Thursday, March 10, 2011

Moving on and leading onward

Well, the announcements have all been made. I have resigned my position as Head of School at Veritas and am taking a position with Westminster Christian Academy in Huntsville, Alabama. My successor has been selected, with the official announcement having gone out to the Veritas community today. Transition work is now taking place, with both places preparing for their next respective administrators and both administrators beginning the process of ending well in our current fields of service.

I don't like transitions, and this one will be particularly difficult. We've been in Oklahoma nine years, and we have many good friends here we hate to leave. I know we will stay in touch through various social media and an occasional visit or meeting up at General Assembly, but it won't be the same not being able to spend time with the guys in some smoke-filled garage, or around a fire pit in someone's back yard, or making a last minute run to Louie's. I love these guys. Leaving them breaks my heart.

I don't like transitions from a vocational standpoint, either. Once I know I'm leaving one place for another, I get into these deep and, at times, paralyzing reflective moods. As an administrator, I ponder what I did well, what I didn't do well, what I wish I could still do before I leave, what I'm glad to leave behind, and, frankly, who I'm glad to leave behind.

I've been giving more and more thought to the idea of leadership these last few years. What does it mean to be a leader? What does it look like? How is it done? And in our situation, what does it look like in the context of great pain and betrayal. And now that we are in transition mode, I'm thinking about this all over again. There's no shortage of writing on the subject, nor is there a shortage of schools of thought on what it means to be a leader. I pick up things here and there; I read this and that. I just started reading Dan Allender's Leading with a Limp, and his premise is that, in spite of the great pain and loneliness that accompanies leading, if one's desire is to have one's love for God deepened, then few things cultivate that love more than leadership.

I want to be a good leader.
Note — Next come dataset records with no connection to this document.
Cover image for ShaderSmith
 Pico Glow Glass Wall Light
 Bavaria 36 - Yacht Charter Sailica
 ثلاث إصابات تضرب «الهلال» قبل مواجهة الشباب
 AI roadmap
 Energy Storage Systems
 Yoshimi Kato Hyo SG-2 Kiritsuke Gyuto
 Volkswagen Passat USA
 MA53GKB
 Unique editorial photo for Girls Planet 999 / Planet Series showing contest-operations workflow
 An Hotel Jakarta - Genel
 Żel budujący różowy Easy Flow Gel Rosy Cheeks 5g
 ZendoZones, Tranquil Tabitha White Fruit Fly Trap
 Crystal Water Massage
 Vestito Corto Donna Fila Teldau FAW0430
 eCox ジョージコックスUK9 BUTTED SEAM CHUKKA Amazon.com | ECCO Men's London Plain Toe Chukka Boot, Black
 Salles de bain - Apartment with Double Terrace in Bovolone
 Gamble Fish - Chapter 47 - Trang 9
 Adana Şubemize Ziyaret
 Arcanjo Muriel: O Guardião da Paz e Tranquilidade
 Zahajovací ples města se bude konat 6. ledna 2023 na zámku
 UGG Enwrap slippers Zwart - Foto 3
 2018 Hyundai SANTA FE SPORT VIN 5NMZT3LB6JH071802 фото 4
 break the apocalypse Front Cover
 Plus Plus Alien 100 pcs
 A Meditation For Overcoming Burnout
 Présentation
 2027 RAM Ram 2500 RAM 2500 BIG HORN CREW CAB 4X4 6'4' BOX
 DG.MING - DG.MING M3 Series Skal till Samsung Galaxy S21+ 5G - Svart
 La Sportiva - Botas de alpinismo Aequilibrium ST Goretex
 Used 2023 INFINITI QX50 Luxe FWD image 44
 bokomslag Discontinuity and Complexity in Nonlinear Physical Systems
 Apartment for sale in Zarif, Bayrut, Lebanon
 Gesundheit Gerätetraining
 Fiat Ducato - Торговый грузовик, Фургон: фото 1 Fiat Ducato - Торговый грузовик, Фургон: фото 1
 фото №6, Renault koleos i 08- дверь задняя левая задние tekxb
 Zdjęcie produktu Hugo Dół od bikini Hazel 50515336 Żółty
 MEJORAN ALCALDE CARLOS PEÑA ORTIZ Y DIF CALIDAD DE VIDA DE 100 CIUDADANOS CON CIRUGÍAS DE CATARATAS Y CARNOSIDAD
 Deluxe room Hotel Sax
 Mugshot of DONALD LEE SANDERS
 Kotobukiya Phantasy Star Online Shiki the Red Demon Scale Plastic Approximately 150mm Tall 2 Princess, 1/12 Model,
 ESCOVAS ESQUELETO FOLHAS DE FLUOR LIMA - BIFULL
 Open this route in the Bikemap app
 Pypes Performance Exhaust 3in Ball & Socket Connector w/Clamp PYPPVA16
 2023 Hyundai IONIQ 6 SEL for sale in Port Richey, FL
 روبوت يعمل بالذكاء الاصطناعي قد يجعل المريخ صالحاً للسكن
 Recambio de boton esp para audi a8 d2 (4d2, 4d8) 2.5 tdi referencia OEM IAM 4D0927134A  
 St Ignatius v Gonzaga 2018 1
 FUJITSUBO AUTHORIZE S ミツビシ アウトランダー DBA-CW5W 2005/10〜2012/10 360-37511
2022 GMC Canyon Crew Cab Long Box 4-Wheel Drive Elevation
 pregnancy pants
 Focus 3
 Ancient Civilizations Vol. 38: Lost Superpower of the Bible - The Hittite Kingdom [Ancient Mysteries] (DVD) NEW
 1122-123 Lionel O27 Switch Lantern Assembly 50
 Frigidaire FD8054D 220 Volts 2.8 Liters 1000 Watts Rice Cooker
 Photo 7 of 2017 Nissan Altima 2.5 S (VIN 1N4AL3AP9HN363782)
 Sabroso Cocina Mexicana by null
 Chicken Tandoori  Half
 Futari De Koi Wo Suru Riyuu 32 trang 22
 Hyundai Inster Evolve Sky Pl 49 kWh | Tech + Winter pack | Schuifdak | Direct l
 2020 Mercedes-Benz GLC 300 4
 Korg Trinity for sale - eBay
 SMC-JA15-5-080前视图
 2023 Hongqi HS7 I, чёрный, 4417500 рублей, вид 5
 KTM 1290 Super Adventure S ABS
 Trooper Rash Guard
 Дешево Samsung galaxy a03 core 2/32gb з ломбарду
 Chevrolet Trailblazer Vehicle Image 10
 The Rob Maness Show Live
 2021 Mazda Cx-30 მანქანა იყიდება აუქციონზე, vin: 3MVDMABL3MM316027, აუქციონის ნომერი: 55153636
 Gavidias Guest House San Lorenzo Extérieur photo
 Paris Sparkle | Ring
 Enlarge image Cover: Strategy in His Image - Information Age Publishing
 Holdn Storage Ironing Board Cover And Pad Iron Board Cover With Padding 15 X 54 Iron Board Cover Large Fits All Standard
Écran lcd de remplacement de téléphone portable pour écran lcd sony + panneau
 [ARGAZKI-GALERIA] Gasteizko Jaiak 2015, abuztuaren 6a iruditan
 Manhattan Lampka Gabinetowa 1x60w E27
But I want to be a good leader for the right reasons and to the right end. I don't want to be a good leader because I want to be the center of things. (Anyone who knows me knows I tend to be reclusive.) I don't want to be a good leader because I think I know everything about the areas in which I lead. (Anyone who knows me knows I'm only as smart as the people around me.) I don't want to be a good leader because I want people to like and respect me. (I did try that for a few years and couldn't make it work.) I want to be a good leader because I want first to love God. And if the pain and loneliness of leadership is God's way for me to do that, then that's where I need to be.

So if you see me in the next few months with coffee in hand (when don't you see me with coffee in hand?) with one of those distant, reflective "Cogito ergo sum" looks on my face, you'll know what I'm thinking about.